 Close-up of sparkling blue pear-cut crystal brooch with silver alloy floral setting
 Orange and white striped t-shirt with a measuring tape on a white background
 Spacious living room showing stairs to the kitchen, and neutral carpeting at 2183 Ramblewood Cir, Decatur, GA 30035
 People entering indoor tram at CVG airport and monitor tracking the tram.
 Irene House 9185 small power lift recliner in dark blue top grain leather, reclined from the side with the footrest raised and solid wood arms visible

------------------------------------------------------------

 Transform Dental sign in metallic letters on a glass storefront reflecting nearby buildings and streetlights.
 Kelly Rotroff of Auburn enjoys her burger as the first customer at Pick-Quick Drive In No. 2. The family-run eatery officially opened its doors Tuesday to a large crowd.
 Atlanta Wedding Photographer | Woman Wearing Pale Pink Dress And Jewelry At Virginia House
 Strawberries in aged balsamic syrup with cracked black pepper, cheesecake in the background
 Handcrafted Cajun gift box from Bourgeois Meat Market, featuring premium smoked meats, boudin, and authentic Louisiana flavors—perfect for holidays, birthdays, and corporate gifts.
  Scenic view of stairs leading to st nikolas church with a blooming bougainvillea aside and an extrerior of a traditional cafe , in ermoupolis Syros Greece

------------------------------------------------------------

Taking the material above, extract exactly and only the lines from the line with "People entering indoor" to the line with "Irene House 9185", inclusive of both.

 People entering indoor tram at CVG airport and monitor tracking the tram.
 Irene House 9185 small power lift recliner in dark blue top grain leather, reclined from the side with the footrest raised and solid wood arms visible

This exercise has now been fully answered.